* _Input data_:
-------

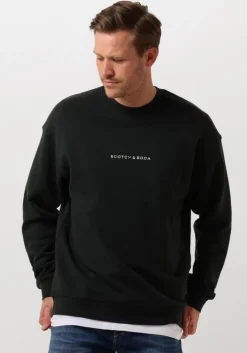 donkergroene scotch & soda sweater logo front chest sweatshirt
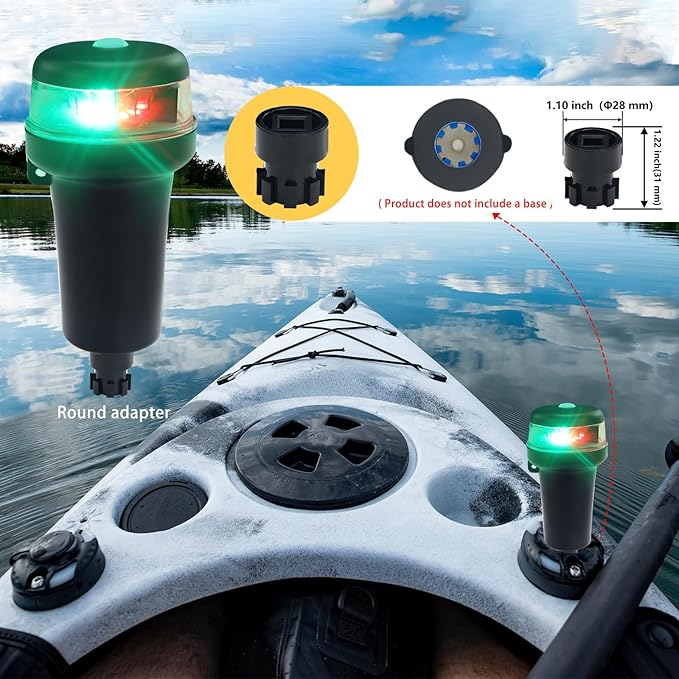 Kayak Battery Portable Navigation LED Lights Multi- Adaptors 3AA Battery Inflatable Boat Surface Mount Adhesive Base (Red+Green With Adapters)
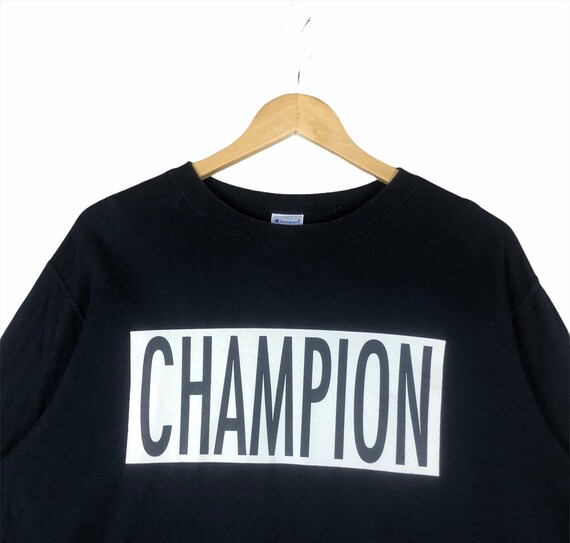 ChamVtgShop Rare !! Vintage Champion Box Logo Spellout Sweatshirt Crewneck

-------

* _Directions for this task_: Nothing should be printed except the lines from the one with "Kayak Battery Portable" through the last line of the listing above, both ends included; please drop the pictures.

* _Written solution_:
 Kayak Battery Portable Navigation LED Lights Multi- Adaptors 3AA Battery Inflatable Boat Surface Mount Adhesive Base (Red+Green With Adapters)
 ChamVtgShop Rare !! Vintage Champion Box Logo Spellout Sweatshirt Crewneck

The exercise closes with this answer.